Containing Costs: MedMen CEO Adam Bierman hired a new CFO to right the ship.

Containing Costs: MedMen CEO Adam Bierman hired a new CFO to right the ship. Photo by Thomas Wasper

MedMen also said in its latest quarterly report that it would cut salaries for Bierman and company President Andrew Modlin to $50,000 from $1.5 million, to help out on expense control measures.

Kramer said further headcount reductions are likely, resulting in an estimated $8 million cut to annual payroll. He said budgets for the marketing, legal and human resources departments would also be drawn down.

Big bet on brick and mortar

MedMen reported $23.7 million in cash at the end of March. It also drew down $100 million of a $250 million credit line from marijuana industry investor Gotham Green Partners, a New York-based private equity firm, to fund more store openings — a key to MedMen’s revenue growth strategy.

“I am confident that we have adequate liquidity in the near term,” said Kramer, who also counts stints with Lincoln Heights-based retailer Forever 21 Inc. and New Albany, Ohio-based retailer Abercrombie & Fitch Co. “Liquidity is not one of my biggest concerns.”

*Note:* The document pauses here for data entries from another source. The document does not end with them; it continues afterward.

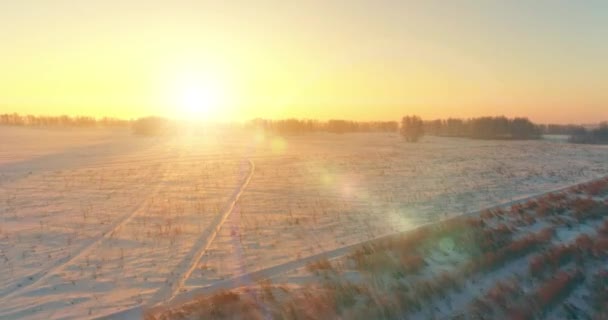 Veduta aerea drone del freddo paesaggio invernale con campo artico, alberi coperti di neve gelo e raggi del sole del mattino all'orizzonte. — Video Stock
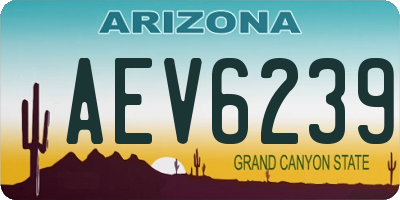 AZ license plate AEV6239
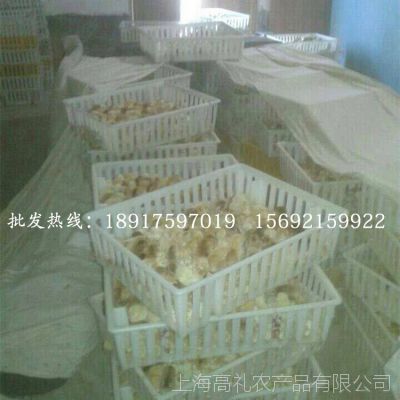 大量供應安卡紅雞種苗優(yōu)良品種高存活率 孵化場直銷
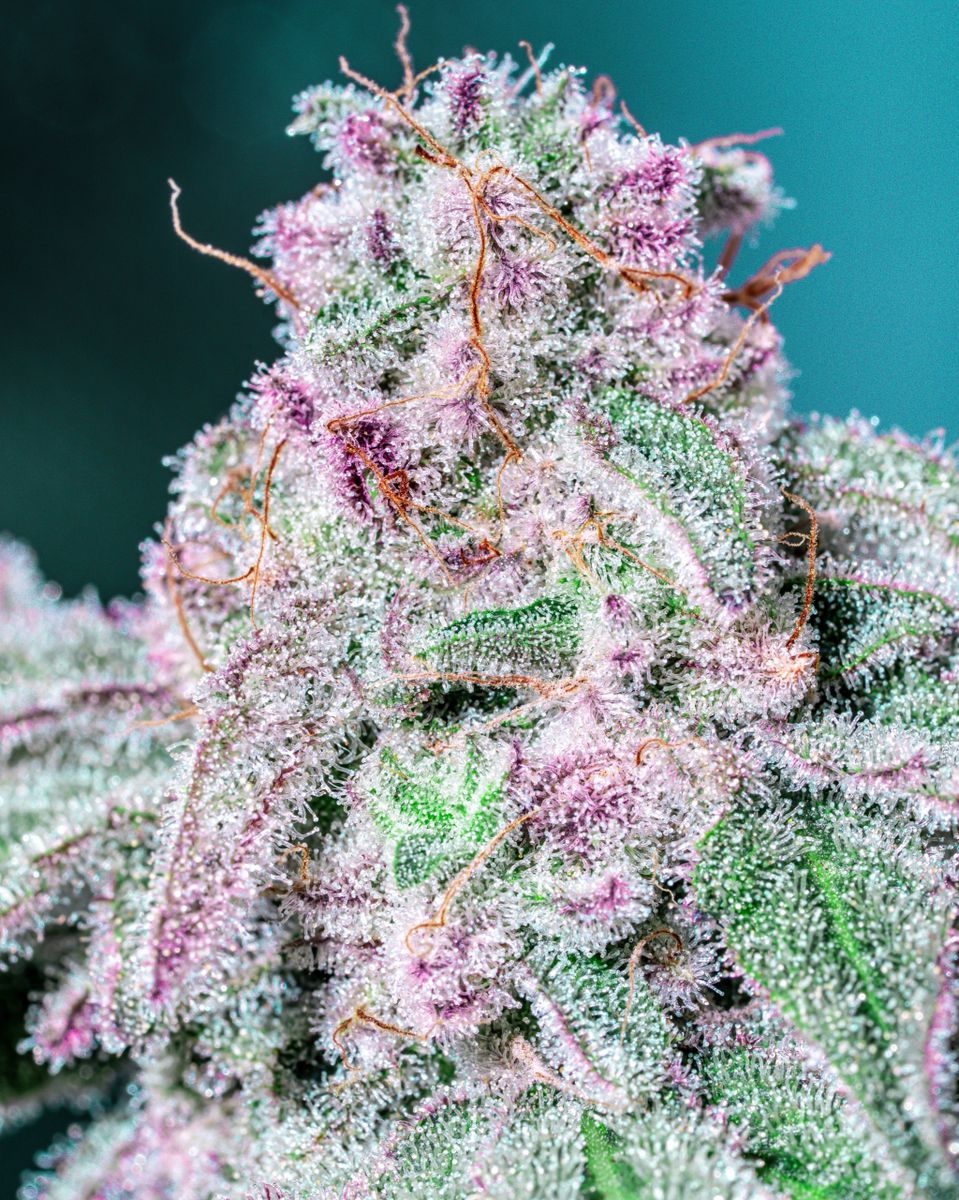 Sleepy Joe S1 (Bubble Gum Sherb x Dr. Sleep Reversal) 10+ feminized seeds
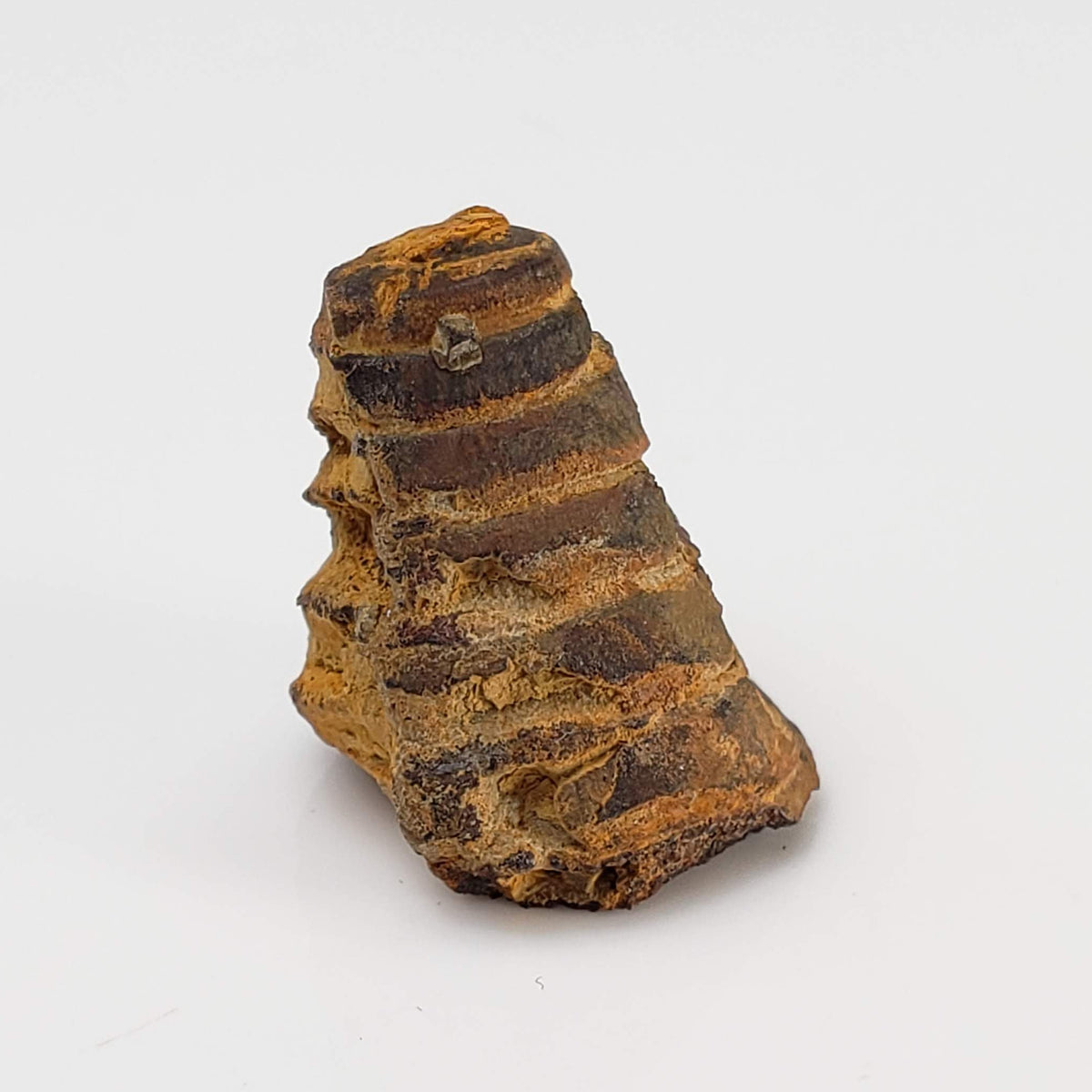 Nautiloid Fossil | Natural Fossilized | Fammenian - Devonian | Kowala Formation, Poland-canagem-4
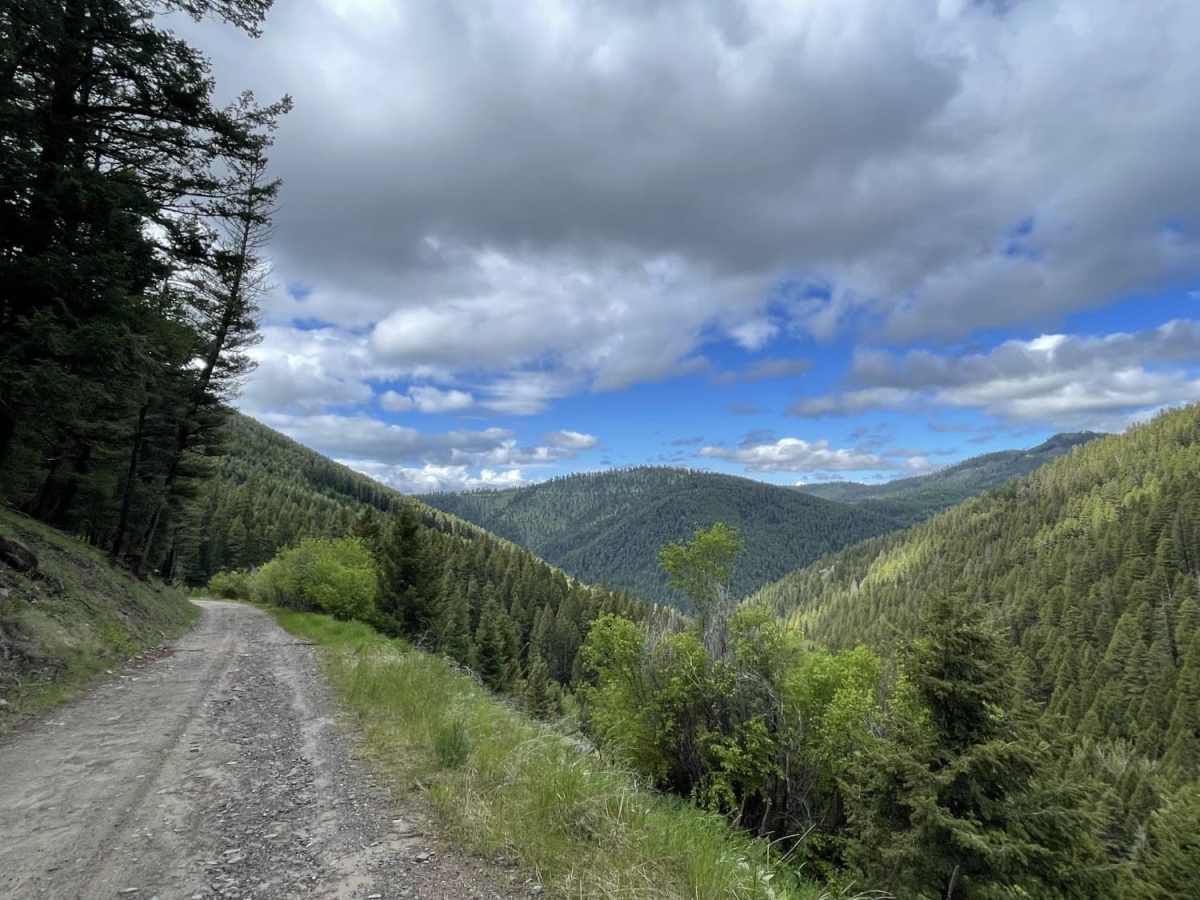 First Chance Gulch To Bear Gulch trail photo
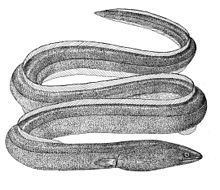Rice-paddy eel httpsuploadwikimediaorgwikipediacommonsthu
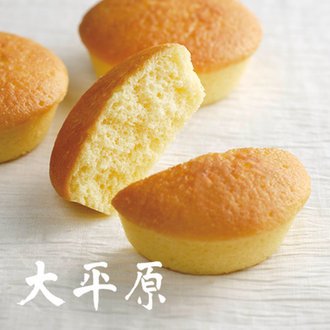 大平原 2
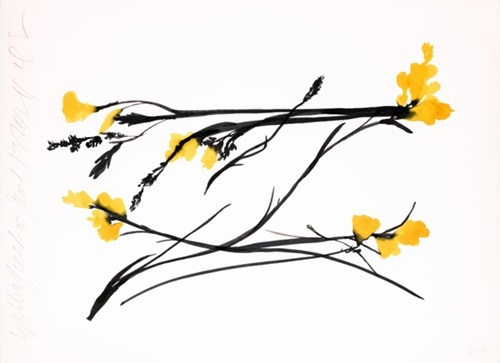 Yellow Freesia June 13, 2024  by Donald Sultan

In its latest quarter, MedMen reported losses of $63.1 million on revenue of $36.6 million.

The cannabis company is licensed for 84 retail stores, including the properties it’s acquiring through a $682 million stock deal for Chicago-based PharmaCann. The pending deal to buy PharmaCann should be completed by October, according to Kramer.

Kramer has recruited a former Apple contractor, Morgan Hill-based ADMI Inc., to help design and improve sales operations at MedMen’s stores. Kramer said he sees parallels between his work at Apple and MedMen’s strategy in the cannabis retail space.

“The malls didn’t want our stores” at first, he said.